Available inputs and data availability

  • download_data(dataset_name = "ecoregion", ...) does not take product, year, scenario, or region arguments; it downloads the EPA U.S. ecoregion distribution used by the package.
  • This is a static national vector layer with no temporal dimension.
  • Downloads arrive as a zipped vector-data bundle that can be processed into workflow-ready ecoregion boundaries and identifiers.
  • Ecoregions are a categorical covariate, so we have two options for calculation output:
    • Binary (dummy) indicator columns for the intersecting level-2 and level-3 ecoregions at each location, with key-based names (for example DUM_E2083_00000, DUM_E3064_00000).
    • Fraction or proportion of each location that falls in each intersecting level-2 and level-3 ecoregion, with key-based names (for example FRC_E2083_00000, FRC_E3064_00000).

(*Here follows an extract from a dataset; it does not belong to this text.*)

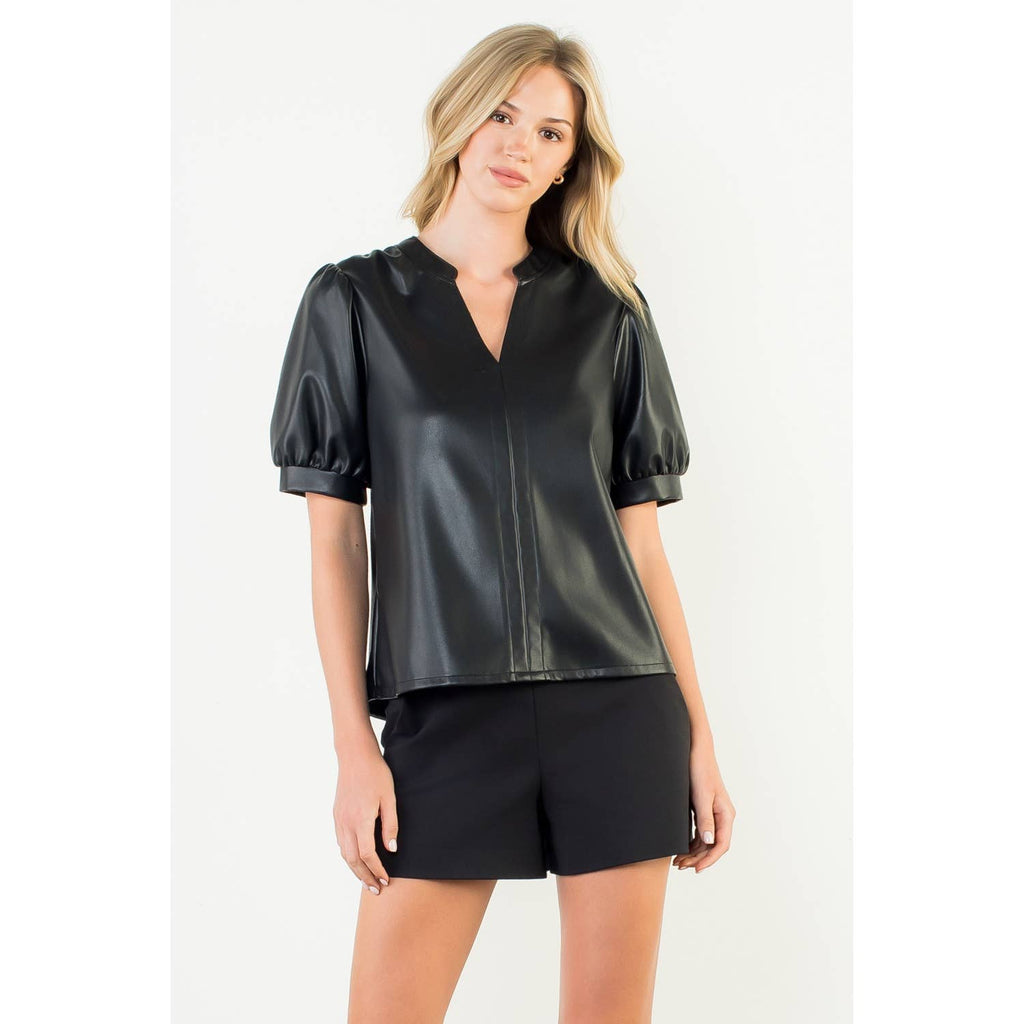 Puff Sleeve Leather Top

Download representative requests

directory_to_save <- file.path(tempdir(), "ecoregion_workflow")
download_data(
  dataset_name = "ecoregion",
  directory_to_save = directory_to_save,
  acknowledgement = TRUE,
  unzip = TRUE,
  remove_zip = FALSE
)

Process one workflow-ready data product

ecoregion_path <- list.files(
  directory_to_save,
  pattern = "\\.(gpkg|shp)$",
  recursive = TRUE,
  full.names = TRUE
)[1]
processed_data <- process_covariates(
  covariate = "ecoregion",
  path = ecoregion_path
)
plot(processed_data, main = "Level 3 Ecoregions of the Conterminous United States")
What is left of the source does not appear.